Dank der Sammelleidenschaft des Großvaters Ewald Kamp wird das Schaufenster im regelmäßigen Rhythmus zur Haltestelle für den „Zug des Lebens“. Seine Modelleisenbahn wird beispielsweise variantenreich in Szene gesetzt. Und wieder ist es der zweite Blick auf das Geschehen, der die Augenbrauen gen Kopfkino schnellen lässt: Es ist ein Personenunfall nachgestellt. Vor der Märklin-Lok liegt ein Mann auf den Schienen, die Polizei verlässt gerade den Ort des Unglücks. Immerhin karrt ein Fuhrwerk bereits einen Sarg an, während die Reisenden am Bahnhof das Geschehen zeitgemäß ignorieren. Es klingt folgerichtig, wenn Sabine Kamps erzählt, dass es Gerresheimer gibt, die mit ihren Kindern regelmäßig zum Schaufenstergucken vorbeikommen.

Innen, im Besprechungszimmer der Bestatterinnen, ist alles traditionell gestaltet. Um einen ovalen Tisch stehen schwarze Stühle, die dank ihrer Form den Sitzenden Halt geben und sie vor dem Zerfließen schützen. Süßigkeiten und Taschentücher liegen bereit, um trauernden Angehörigen spontan Trost zu spenden oder Tränen zu trocken. An einer Wand reihen sich Urnen, vom geschnitzten Künstlerunikat bis zur gewagt geblümten Variante aus gepresster Maisstärke. Ein großer Teddy wartet neben Trauer-Bilderbüchern für Kinder auf seinen Einsatz, an der Wand neben der Tür hängt ein Drei-Monats-Kalender. Anders als in den meisten Büros kennt der Kalender nur das Jetzt und die zwei Folgemonate. „Bestatter denken immer nach vorn“, bestätigt Sabine Kamp. Und dann erzählt sie, wie es dazu kam, dass die Schaufensterdekoration ihr Ding wurde.

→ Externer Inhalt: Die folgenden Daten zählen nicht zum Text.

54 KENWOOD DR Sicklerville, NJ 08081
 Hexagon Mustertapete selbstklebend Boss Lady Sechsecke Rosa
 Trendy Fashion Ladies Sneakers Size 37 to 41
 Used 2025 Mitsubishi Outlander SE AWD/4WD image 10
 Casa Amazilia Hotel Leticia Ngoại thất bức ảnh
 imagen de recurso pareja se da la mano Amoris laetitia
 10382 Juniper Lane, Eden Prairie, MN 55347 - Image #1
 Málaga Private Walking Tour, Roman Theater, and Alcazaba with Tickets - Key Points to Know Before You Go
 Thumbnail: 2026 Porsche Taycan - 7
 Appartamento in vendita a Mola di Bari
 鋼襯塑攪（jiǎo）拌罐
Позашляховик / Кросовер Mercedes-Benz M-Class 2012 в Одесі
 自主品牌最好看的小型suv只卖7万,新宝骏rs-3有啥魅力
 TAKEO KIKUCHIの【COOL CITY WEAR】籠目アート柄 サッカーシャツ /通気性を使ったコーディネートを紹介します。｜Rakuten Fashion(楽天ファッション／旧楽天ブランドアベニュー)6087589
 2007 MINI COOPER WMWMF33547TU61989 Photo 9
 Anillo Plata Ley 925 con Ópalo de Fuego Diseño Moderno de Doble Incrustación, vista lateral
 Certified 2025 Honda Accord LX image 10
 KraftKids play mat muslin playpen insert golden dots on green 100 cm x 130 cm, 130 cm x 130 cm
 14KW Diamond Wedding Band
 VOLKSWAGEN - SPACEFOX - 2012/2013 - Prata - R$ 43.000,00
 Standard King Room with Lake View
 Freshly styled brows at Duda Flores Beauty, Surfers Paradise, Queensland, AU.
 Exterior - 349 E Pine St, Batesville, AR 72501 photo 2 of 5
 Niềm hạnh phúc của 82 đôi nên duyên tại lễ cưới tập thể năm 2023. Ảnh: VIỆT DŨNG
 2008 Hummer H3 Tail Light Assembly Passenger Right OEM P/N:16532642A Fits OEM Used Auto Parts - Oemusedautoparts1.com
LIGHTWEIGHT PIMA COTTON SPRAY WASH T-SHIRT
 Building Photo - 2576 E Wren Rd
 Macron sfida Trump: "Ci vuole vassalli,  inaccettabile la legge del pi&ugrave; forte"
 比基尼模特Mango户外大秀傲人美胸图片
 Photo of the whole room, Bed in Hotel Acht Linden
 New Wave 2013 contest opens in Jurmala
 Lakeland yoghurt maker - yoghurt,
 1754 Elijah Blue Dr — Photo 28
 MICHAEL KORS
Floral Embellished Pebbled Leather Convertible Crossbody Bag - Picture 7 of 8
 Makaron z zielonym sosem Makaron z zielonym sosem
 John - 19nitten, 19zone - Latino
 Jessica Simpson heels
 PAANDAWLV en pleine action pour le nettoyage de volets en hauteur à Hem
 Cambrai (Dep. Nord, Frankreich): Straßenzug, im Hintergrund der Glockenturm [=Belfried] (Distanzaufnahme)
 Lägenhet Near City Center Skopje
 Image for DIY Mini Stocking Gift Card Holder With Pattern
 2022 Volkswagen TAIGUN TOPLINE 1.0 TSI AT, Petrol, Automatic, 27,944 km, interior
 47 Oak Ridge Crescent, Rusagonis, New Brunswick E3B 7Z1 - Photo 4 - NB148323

Es startete damit, dass Sabine Kamp sich an einem Frühlingstag dazu entschloss, lauter Kuscheltiere ins Fenster zu stellen. „Alles stammte aus unserem Familienfundus. Wir nehmen immer, was man so im Haus hat.“ Da ist es Nachhaltigkeit 2.0, dass der Großvater neben der Modelleisenbahn auch eine unschätzbare Sammlung Miniatursärge und Bestatter-Equipment im Spielzeugformat hinterlassen hat. Im Sommer wird bevorzugt das Thema „Seebestattung“ umgesetzt, wie es aktuell zu sehen ist. Der anfangs erwähnte Rettungsring wurde bei einem der Urlaube auf Borkum gekauft, auch die Muscheln sonnten sich dort am Strand.

Bei der Schaufenstergestaltung wird immer eine Geschichte erzählt. Das setzt beim Betrachten Assoziationen aller Art frei. Vielleicht liegt das Thema Sabine Kamp so gut, weil sie, entgegen der Handwerkstradition, zunächst Veranstaltungskauffrau wurde und so einen erweiterten Blick auf das Sujet hat. Im weiteren Gespräch wird deutlich, dass es doch dieses familiäre Miteinander ist, das alles trägt. Für Silvester hatte Großmutter Magret, die als gute Seele des Hauses tituliert wird, ein Sonderangebot silberner Partyhüte ergattert, auch da startet das morbide Gedankenkarussell von selbst in den zweiten Gang. „Meine Großmutter freut sich immer sehr, wenn sie ein Schnäppchen gemacht hat,“ ergänzt Kamp fröhlich.

Aber welches Accessoire gefällt ihr besonders gut? Im Familienfundus befindet sich ein großer Nussknacker. Mit einer Axt. „Der wird aber nur im Zusammenhang mit Holzscheiten präsentiert.“ Das zu betonen ist Sabine Kamp wichtig. Denn eine gesunde Pietät gehört ebenfalls zum Metier.